そこから金髪の巻毛の青年とその護衛騎士たちが姿を表した。
その瞬間、和やかな雰囲気だった会場はピタリと凍りついたように会話も笑い声も止まった。息をするのさえ憚られるほどの緊張感が一瞬にして会場に広がる。
「入場を許可していただき大変ありたく存じます。この度は旧ラウプフォーゲル領での恒例行事に参加させていただき、光栄の極み。皇帝陛下の信頼篤き帝国の雄、ザムエル・ファッシュ・ラウプフォーゲル公爵閣下。その栄光に並び立つシュヴェーレン領ラグネス公爵家からこの私、領主アランベルトの長子、ヒルデベルトがご挨拶したく参上いたしました」
ざわ、と明らかな驚愕と拒否をにじませたどよめきが会場に広がり、小さな子どもを連れてきていた貴族などは護衛騎士に子供を会場の外に出すように命令している。
「はっはっは、ザムエル閣下! さすがにシュティーリ家の長子が、我々と同じ親戚縁者として数えられるというのは、いささか無理がありましょう!」
ざわつく会場の雰囲気を打破するように、ハービヒト領主ゲイリー・ファッシュが高笑いを響かせた。同調するように、曖昧に笑う貴族たち。

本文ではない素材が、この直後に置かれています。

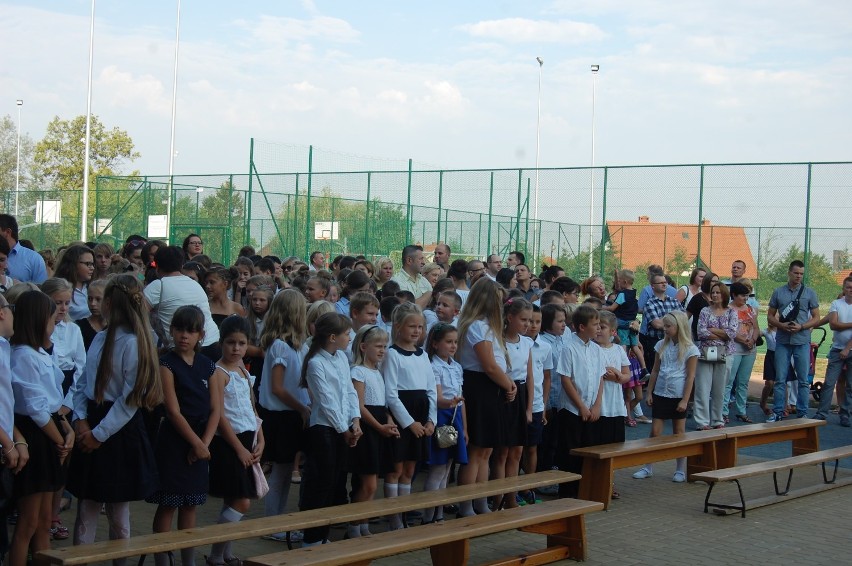 Rozpoczęcie roku szkolnego w SP 4 w Kwidzynie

「ふむ、私もそう忠言したのだが。あくまで我が愛息の伯父としての参加と言われると無下にもできなくてな」
会場の大人たちの視線が、観葉植物の衝立で隠された一角に集中する。
そこにはついさきほど、壇上で可愛らしい声で挨拶をした領主令息がいるはずだ。
そしてその子の母親は確かにシュティーリ家の令嬢であった、と、このとき誰もがすっかり忘れていた事実を思い出した。そしてその母親は、まだ幼い子に無体をしたことで咎人としてラウプフォーゲルを追放となった。
「いったい、どの面を下げてやってきたのか」
「まさか王子殿下にお会いしたいなどと言うのではないか」
「伯父として、だと? 王子殿下はファッシュ家の子だ、かの家は関係ない」
聞こえても構わないというように口々に不満の言葉を言う外野をよそに、巻毛の青年は悠々と歩いて会場の中心まで歩みを進めて立ち止まる。

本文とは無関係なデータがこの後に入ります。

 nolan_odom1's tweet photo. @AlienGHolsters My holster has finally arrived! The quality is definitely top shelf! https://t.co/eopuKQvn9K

「……皇帝陛下へのご報告の後、中央貴族での評議会で耳にしました。我が甥、ケイトリヒは類稀なる魔力の才を持っているそうですね」
ピクリと眉を動かしたザムエルは、眉間に深いシワを寄せて何も言わない。
何か返事が来ることを期待していたヒルデベルトは、余裕そうな笑みを少し揺らし、何も返事がないことを悟ると再び話し出す。

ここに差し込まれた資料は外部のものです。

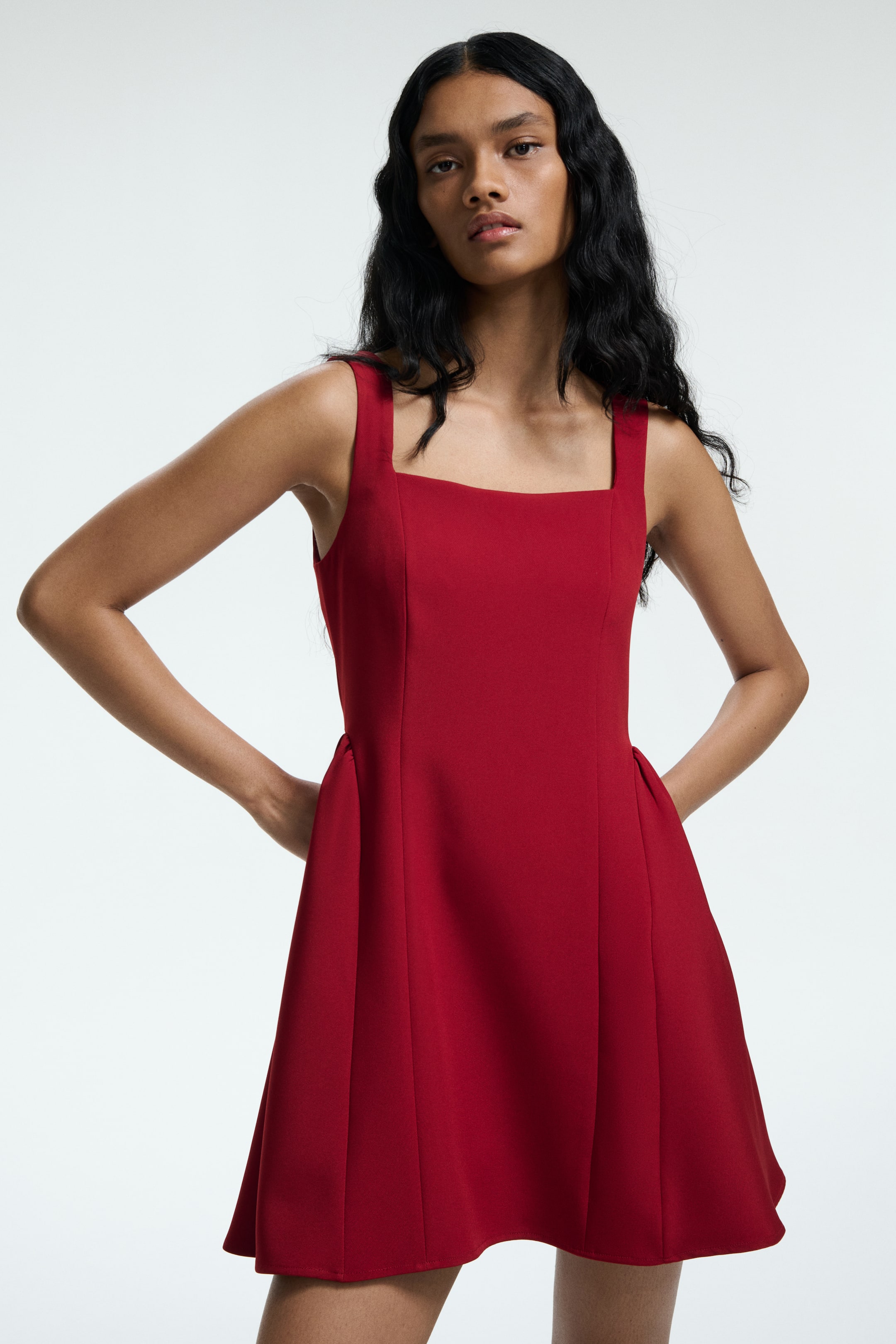 Ampliar la imagen: Vestido con vuelo - Rojo - Ladies | H&M MX 2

「我が妹の所業が許されざる罪であることは理解している。しかしその子の才は、我がシュティーリ家から生じたものに違いないことは明白でしょう! いやいや、勘違いなさらないでくださいませ。何もその子をファッシュ家から奪うつもりは、まったくございません! ただ、我がシュティーリから生じたものならば、半分くらいは返して頂きたいという主張は……」
「口を慎め!!」
吹き抜けの会場の、2階部分の窓がビリビリと揺れるほどの怒号にヒルデベルトは飛び退いた。ヒルデベルトの周囲にいた護衛騎士たちも、壇上から放たれる尋常ならざる怒気に思わず足を引いた。
「……発言は、私の許諾を以てして解される。父君から習っておらんのか?」
静かだが有無を言わさぬ怒気。
ヒルデベルトのニヤニヤした笑みは引きつった愛想笑いに変わった。弁舌を得意としている彼だが、さすがに発言そのものを封じられては焦るしかない。
無言の睨み合い……否、蛇に睨まれたカエルとでもいうような状況がしばし続いたが、やがてザムエルから幾分か和らいだ声が漏れる。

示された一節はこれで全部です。